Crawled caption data

◇ ◇ ◇

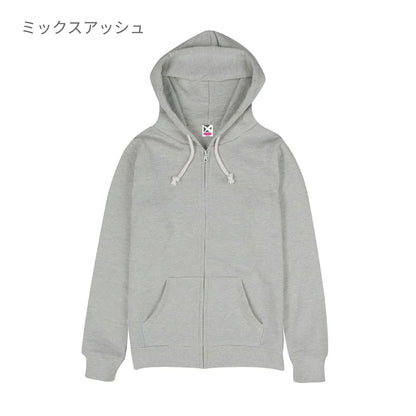 トライブレンドジップパーカー | メンズ | 1枚 | CR1107 | ミックスオレンジ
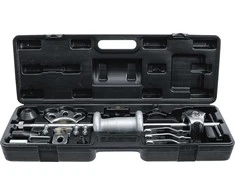 Bgs Technic Universalus nuėmėjų rinkinys su atbuliniu plaktuku | 16 vnt. (7683)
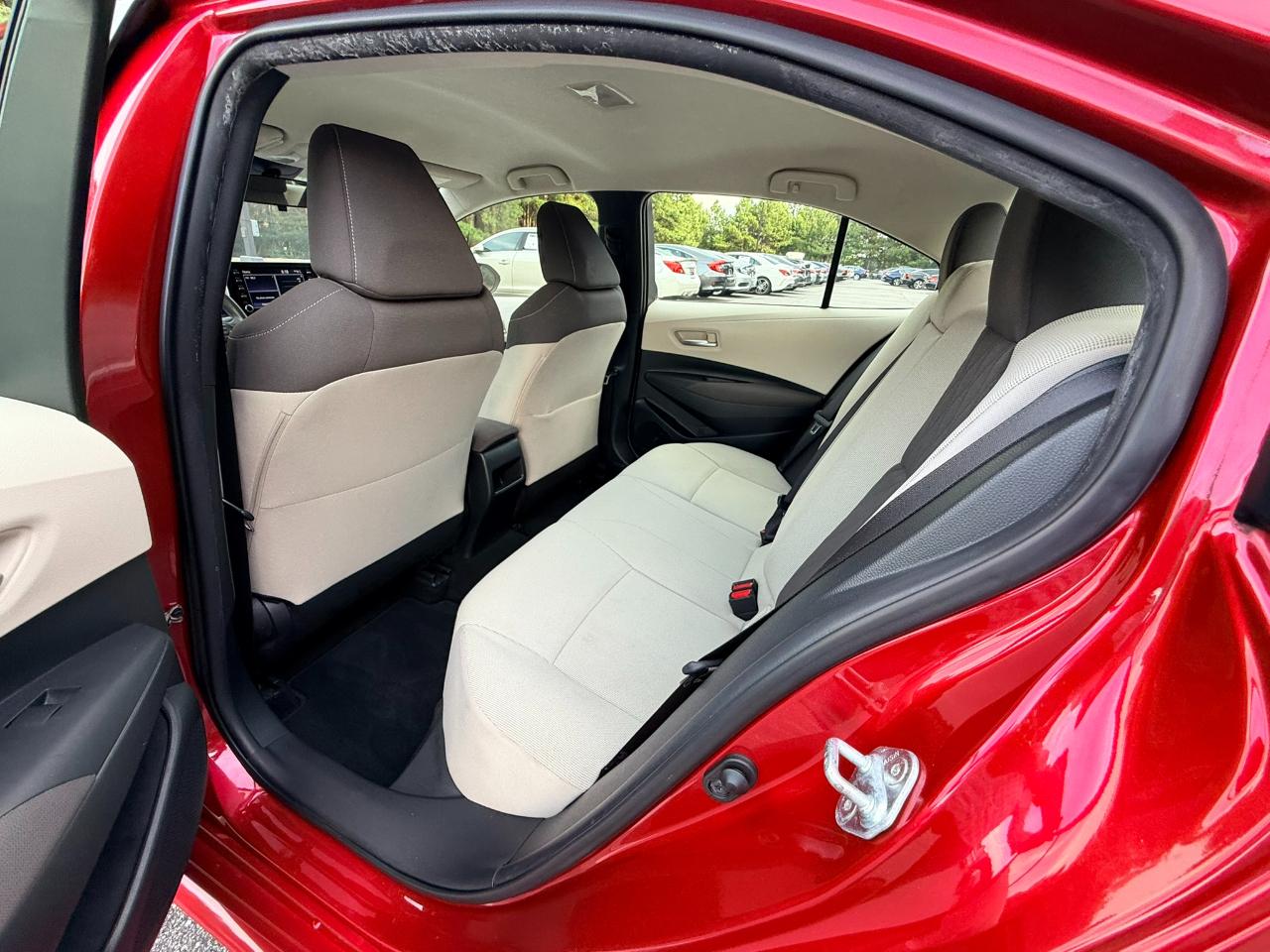 Toyota Corolla LE 2020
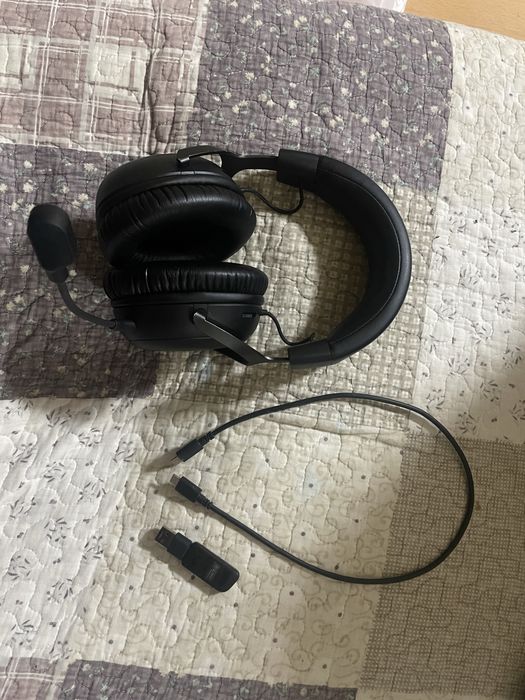 Наушники HyperX Cloud lll Wireless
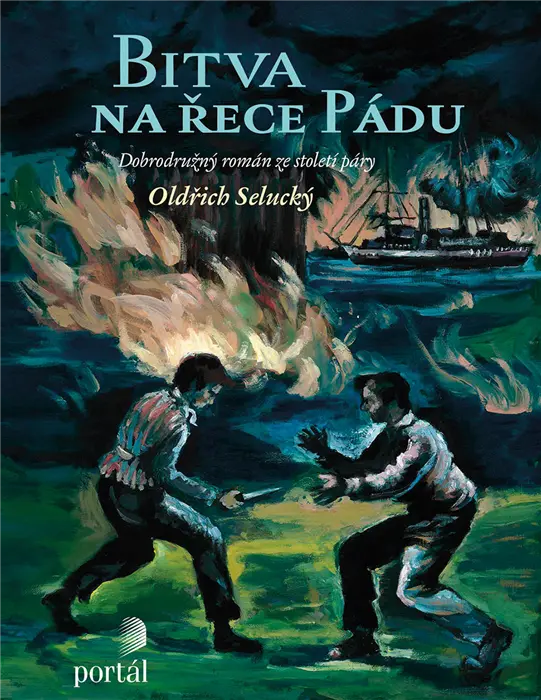 Bitva na řece Pádu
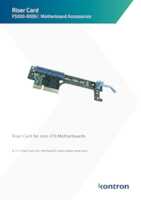 Datasheet for Kontron S26361-F5000-R006, EAN: 4041276000819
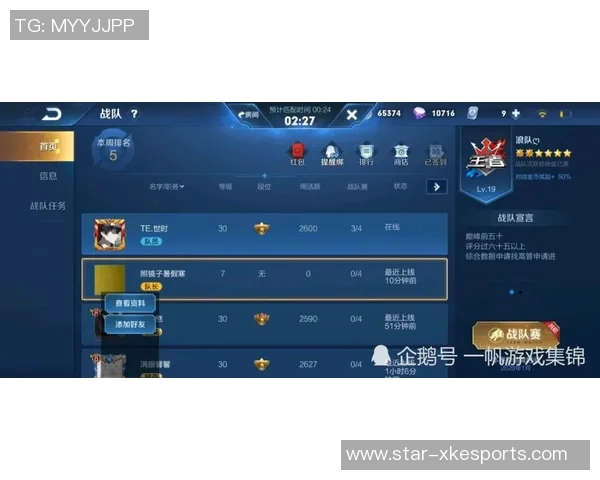 王者荣耀团队配合实力排行榜揭晓WE战队荣登第一名实时数据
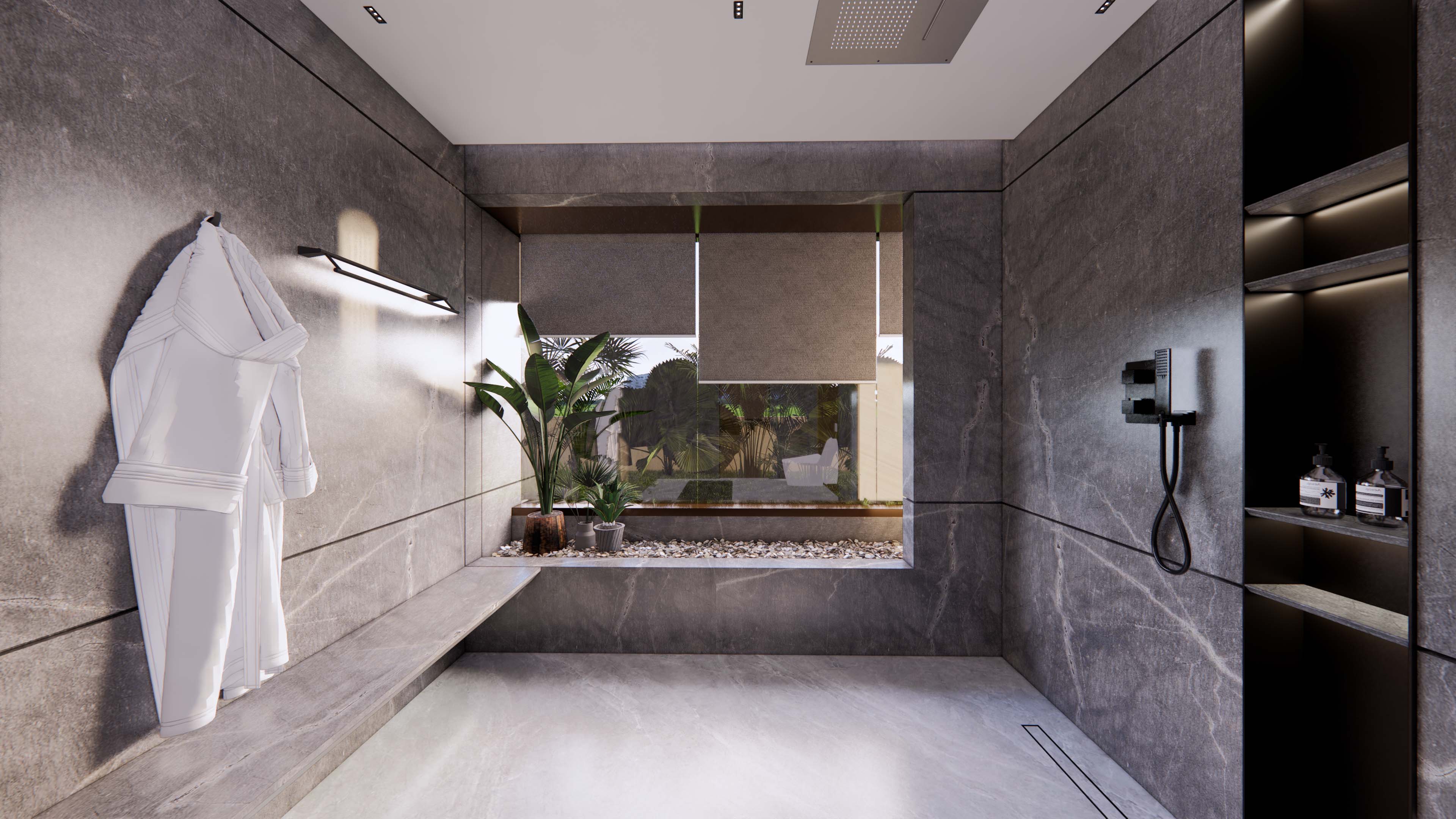 HS HOUSE #001, Pelita Kemang, Architecture, Interior, Ongoing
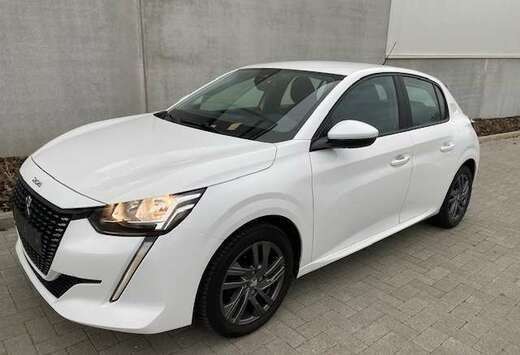 Peugeot 208 1.2i PureTech Active Pack (EU6.4)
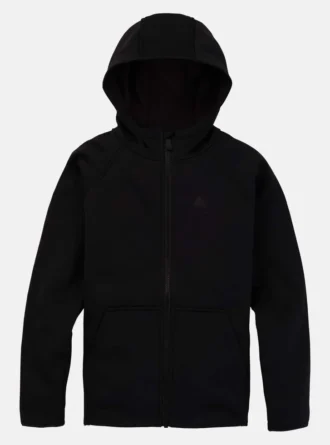 Burton Crown Weatherproof Full-Zip Fleece für Kinder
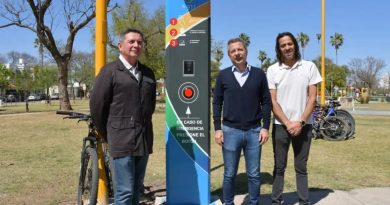 San Francisco, primera ciudad argentina en obtener el Sello en Seguridad Local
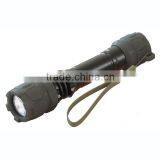 9M DROP TESTED Aluminium Alloy Flashlight Indestructible Flashlight Torch Flashlamp thumbnail-1
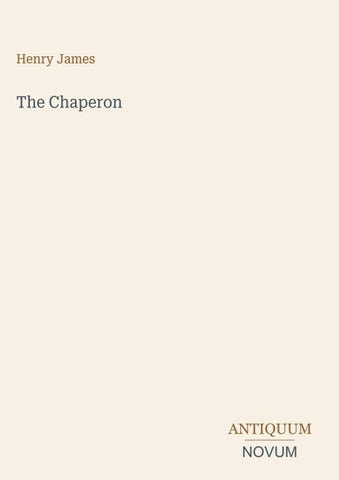 The Chaperon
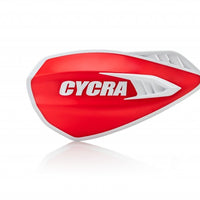 Cycra Cyclone MX - Red/White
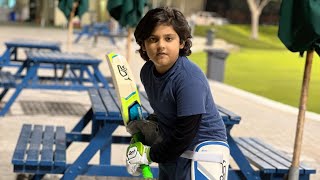 Cricket 🏏 Practice  The Sevens Cricket Ground Dubai [upl. by Marceau]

◇ ◇ ◇

### AIM OF THE EXERCISE:
Repeat each record as given. No picture belongs in the copy.

### OUTPUT OF THE EXERCISE:
 トライブレンドジップパーカー | メンズ | 1枚 | CR1107 | ミックスオレンジ
 Bgs Technic Universalus nuėmėjų rinkinys su atbuliniu plaktuku | 16 vnt. (7683)
 Toyota Corolla LE 2020
 Наушники HyperX Cloud lll Wireless
 Bitva na řece Pádu
 Datasheet for Kontron S26361-F5000-R006, EAN: 4041276000819
 王者荣耀团队配合实力排行榜揭晓WE战队荣登第一名实时数据
 HS HOUSE #001, Pelita Kemang, Architecture, Interior, Ongoing
 Peugeot 208 1.2i PureTech Active Pack (EU6.4)
 Burton Crown Weatherproof Full-Zip Fleece für Kinder
 San Francisco, primera ciudad argentina en obtener el Sello en Seguridad Local
 9M DROP TESTED Aluminium Alloy Flashlight Indestructible Flashlight Torch Flashlamp thumbnail-1
 The Chaperon
 Cycra Cyclone MX - Red/White
 Cricket 🏏 Practice  The Sevens Cricket Ground Dubai [upl. by Marceau]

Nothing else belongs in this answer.